Późnym wieczorem, w drugi dzień świąt na południowej obwodnicy Warszawy doszło do poważnego wypadku. Kierujący mazdą wjechał na trasę pod prąd. Uderzył w prawidłowo jadące auto, a ono w następne. Kierowca mazdy jest ciężko ranny. Nagrania i zdjęcia z miejsca wypadku otrzymaliśmy na Kontakt 24.
Do wypadku doszło około 22:30, w rejonie węzła Lotnisko, na jezdni w stronę Poznania.
Na nagraniach, które otrzymaliśmy na Kontakt 24, widać rozbite samochody, części leżące na jezdni i innych kierowców, którzy próbują pomagać poszkodowanym.
Kierowca mazdy w stanie ciężkim trafił do szpitala. - Została mu pobrana krew, bo zachodzi podejrzenie, że mógł prowadzić samochód pod wpływem alkoholu - powiedział we wtorek rano Piotr Świstak z sekcji prasowej stołecznej komendy policji.

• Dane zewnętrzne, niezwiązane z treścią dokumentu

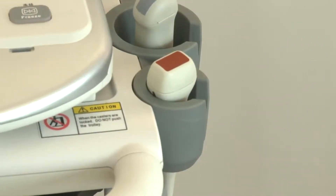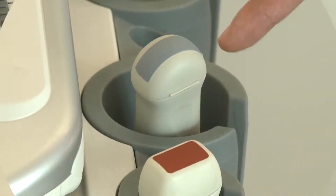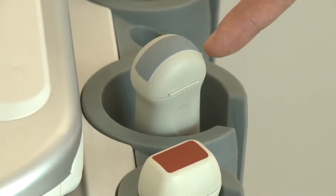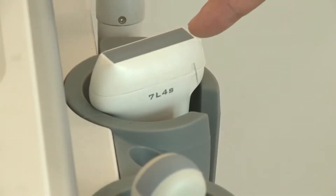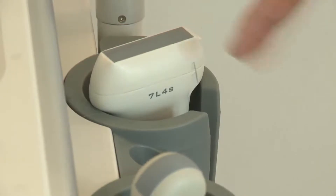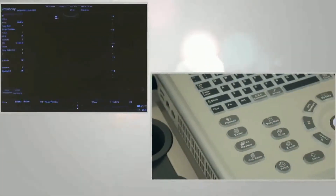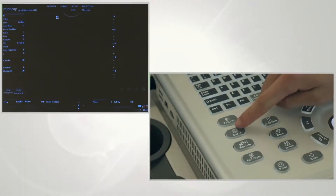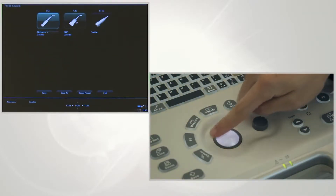You should choose the right probe according to different applications. Microconvex is used for small animal abdominal exams. Linear probes are for vascular and MSK exams. Phase array probes are for cardiac exams. Choose the right probe according to application, press the exam button, roll the trackball to select the right probe and application, then press set to confirm.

Robert Opas z Komendy Stołecznej Policji na antenie TVN24 przyznał, że i owszem zdarza się, że kierowcy wjeżdżają na trasę pod prąd i robią to nieświadomie, jednak jest to bardzo rzadkie. - Najczęściej to szukanie szybszego zjazdu wbrew przepisom - powiedział.
Świąteczne wypadki drogowe w całym kraju pochłonęły 18 ofiar, z czego 11 zginęło w poniedziałek.